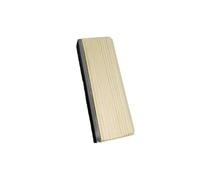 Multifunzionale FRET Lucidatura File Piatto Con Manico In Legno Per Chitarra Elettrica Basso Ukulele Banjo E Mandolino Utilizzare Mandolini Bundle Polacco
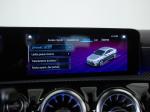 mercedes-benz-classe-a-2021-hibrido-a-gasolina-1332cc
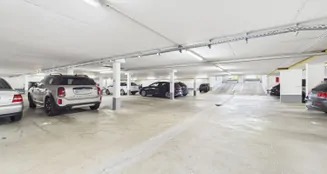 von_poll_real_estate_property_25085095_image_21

********************

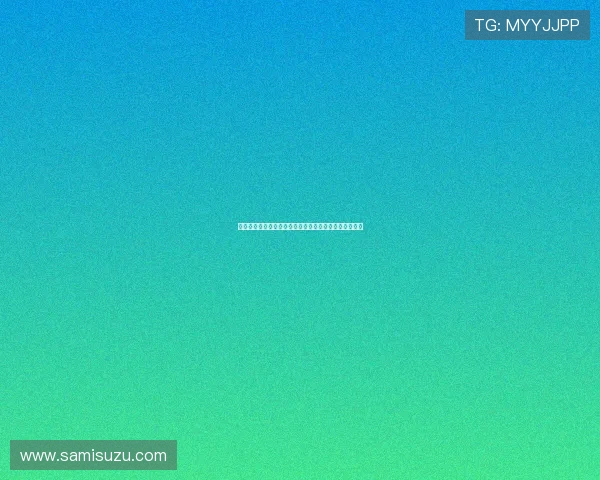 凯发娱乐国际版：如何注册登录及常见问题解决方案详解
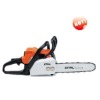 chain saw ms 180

********************

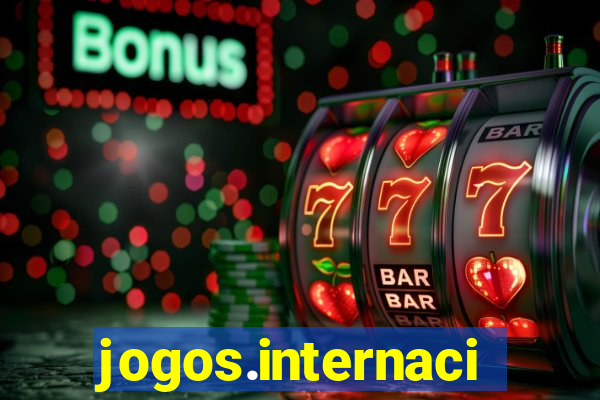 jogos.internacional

********************

Taking the material above, give again exactly the lines from the one holding "Multifunzionale FRET Lucidatura" through the one holding "von_poll_real_estate_property_25085095_image_21", with both ends and without pictures.

- OUTPUT OF THE EXERCISE:
 Multifunzionale FRET Lucidatura File Piatto Con Manico In Legno Per Chitarra Elettrica Basso Ukulele Banjo E Mandolino Utilizzare Mandolini Bundle Polacco
 mercedes-benz-classe-a-2021-hibrido-a-gasolina-1332cc
 von_poll_real_estate_property_25085095_image_21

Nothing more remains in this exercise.